Lori Swanson on: Greed is (Not) Good
In 1987, the movie “Wall Street” was released. A tense scene depicted the character Gordon Gekko, the king of corporate raiders, explaining why he was dismantling an airline corporation and laying off its employees. He simply said, “Greed is good.”
I think of the actor Michael Douglas giving this speech when I see some of the pernicious scams perpetrated by the financial industry.
My office recently sued a finance company that charged veterans 200 percent interest for small loans that required the veterans to sign away significant portions of their monthly pension for years to come.  We sued a bank that put unauthorized charges for identity theft protection packages on customers’ accounts.  We enjoined companies that signed people up for credit cards using the credit of other customers.  We stopped student loan companies that promised students phony debt relief.  And last month, we secured a court order that that should help to get an estimated $20 million in usurious loans wiped out. 
With all this greed, it is troubling that the financial industry wants to abolish the federal Consumer Financial Protection Bureau (“CFPB”). The Bureau was established to be a consumer watchdog over the financial industry at the federal level. The industry says the CFPB needlessly intrudes into the free market with unnecessary consumer protections. Really? Let’s take a look:
Mandatory Arbitration. Banks and credit card companies bury mandatory arbitration clauses in the fine print of their customer agreements. These arbitration clauses deprive people of their right to have their day in court if the company treats them unfairly, such as charging them too much interest, failing to credit payments, or debiting unauthorized charges.
The CFPB recently proposed a rule to restrict the placement of mandatory arbitration provisions in fine print contracts. The financial industry doesn’t like the rule. The industry wants to force people into arbitration before arbitrators picked by the industry.
In 2009, I sued the largest consumer arbitration company in the world, the National Arbitration Forum (“NAF”). NAF handled hundreds of thousands of cases throughout the nation each year. In almost every case, the consumer lost, and the bank won. Our investigation found that NAF hand-picked arbitrators who were favorable to the banks. We also discovered that NAF had an ownership affiliation with a New York hedge fund group that owned the operations of the largest debt collection enterprise in the country. In the end, we barred NAF from handling consumer arbitrations. 

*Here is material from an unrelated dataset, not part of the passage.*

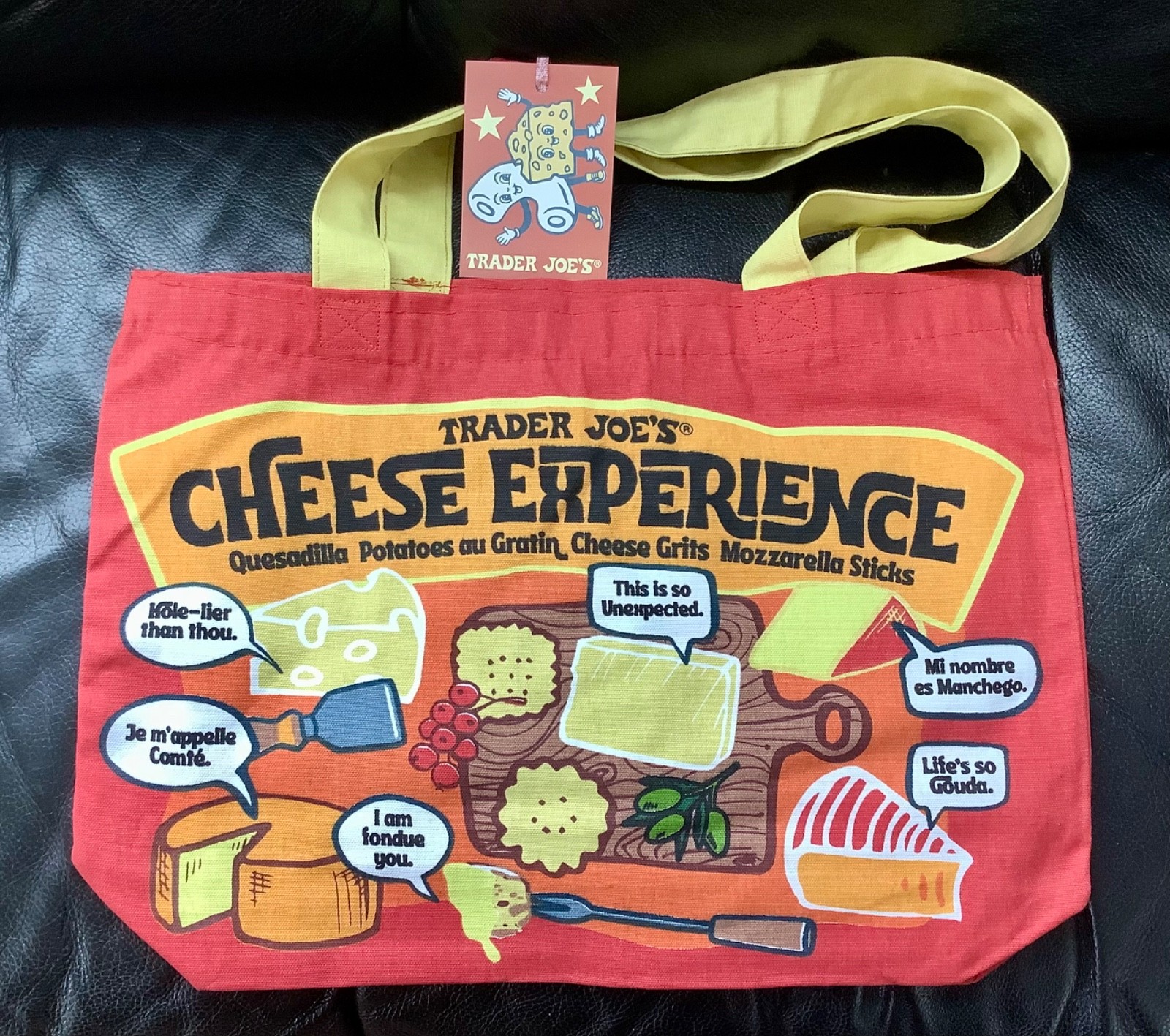 Trader Joe’s Bag Reusable Canvas NEW Cheese Experience/Adventures, Large Sturdy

Congress then held hearings on the matter.  I advocated for the CFPB to promulgate rules to abolish this slanted practice. The CFPB has now promulgated such a rule, but Congress wants to get rid of it.

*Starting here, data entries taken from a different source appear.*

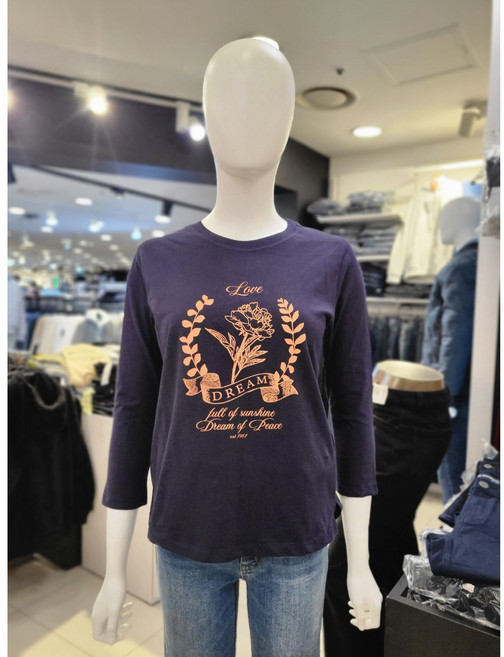 뱅뱅 봄 여성 플라워 프린트 7부소매 티셔츠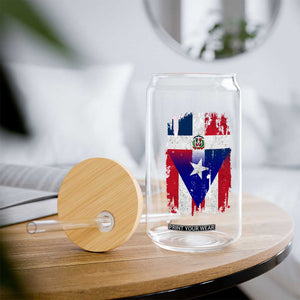Dominican Puerto Rican Flag Glass Can Mixed Heritage Pride TS10 Print Your Wear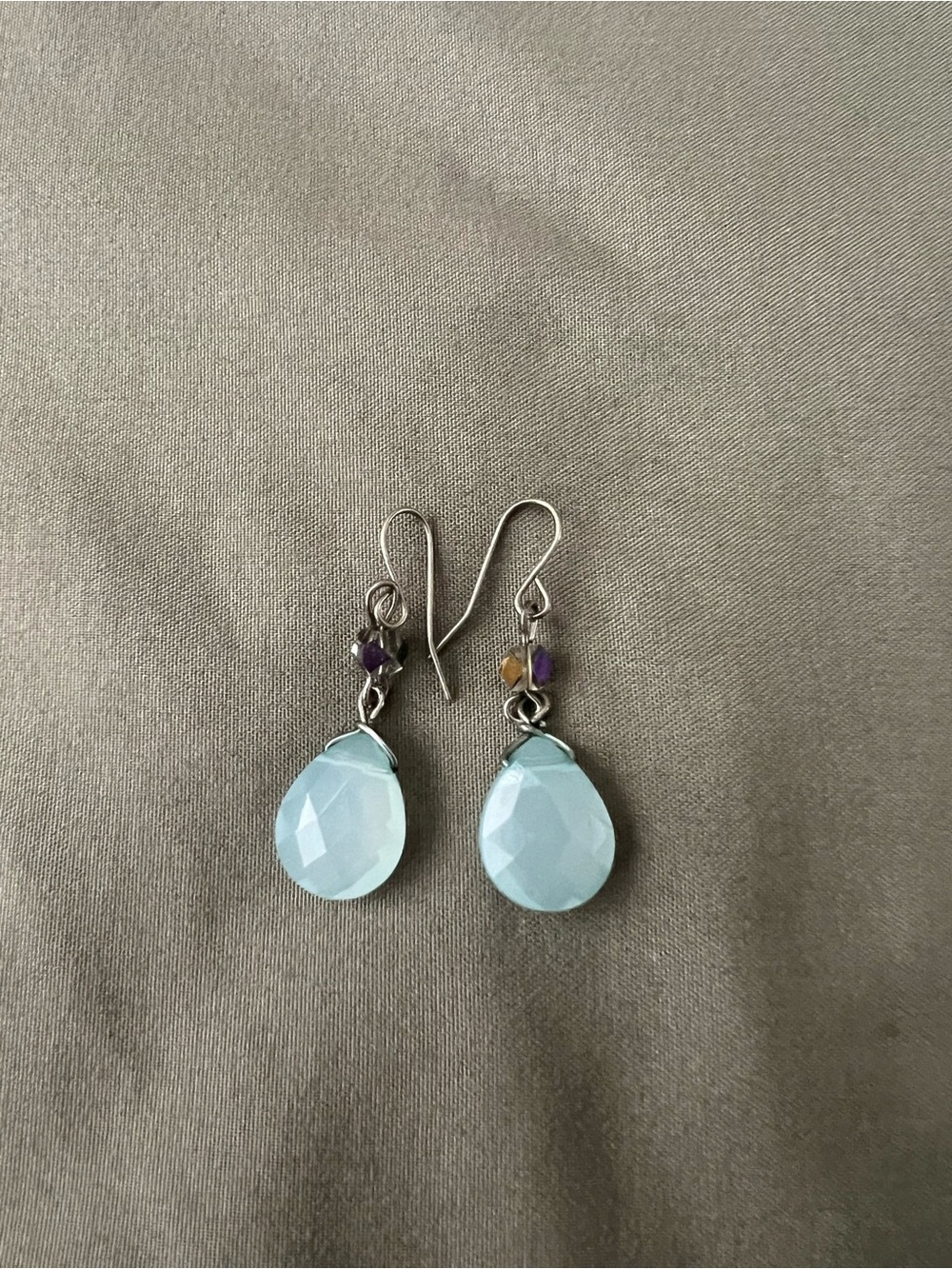 Silver Tone Light Blue Teardrop Dangle Earrings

Fake Accounts. Last September, Wells Fargo agreed to pay $185 million to the CFPB to settle charges that the bank pressured employees to open more than 2 million fake accounts that weren’t authorized by customers.  The customers were charged fees on accounts they didn’t know they had, and some customers were chased by collection agents for fees on accounts that they didn’t know existed. To make matters worse, Wells Fargo forced consumers who complained they had fakes accounts created in their names into, you guessed it, mandatory arbitration.
Forced Automobile Insurance. An internal report by Wells Fargo was published two weeks ago. The report said that Wells Fargo illegally forced auto insurance on 800,000 borrowers who didn’t need it.  The bank immediately offered to refund $80 million to borrowers. The cost of the unnecessary insurance reportedly pushed almost 275,000 customers into delinquency, and nearly 25,000 vehicles were reportedly wrongfully repossessed.

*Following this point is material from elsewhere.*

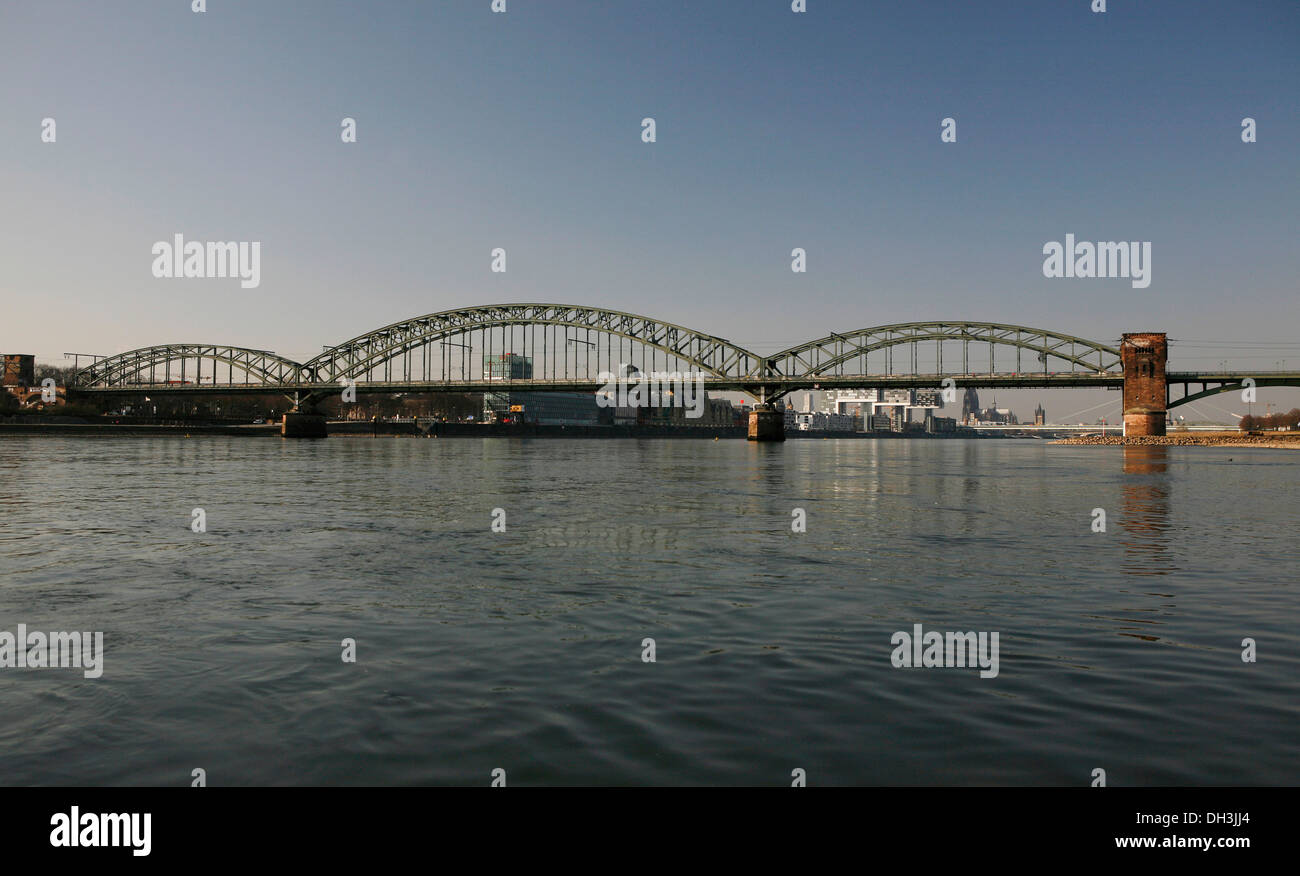 Historische Eisenbahn Brücke, suedbruecke, South Bridge, Köln, Nordrhein - Westfalen Stockfoto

These actions by the CFPB are only the tip of the iceberg. Adam Smith, the so-called “Father of Economics,” said that fierce competition between purchasers and sellers is good. But he never said that greed, avarice, and fraud were proper motivators in our economic system.
The CFPB can play an important role in protecting regular folks from the excesses of Wall Street. This is why I went to court to defend the constitutionality of the independence of the CFPB. 
If you agree with my observations in this report, I ask you to let your Congressional Representatives know that the CFPB is an integral part of a balanced economy.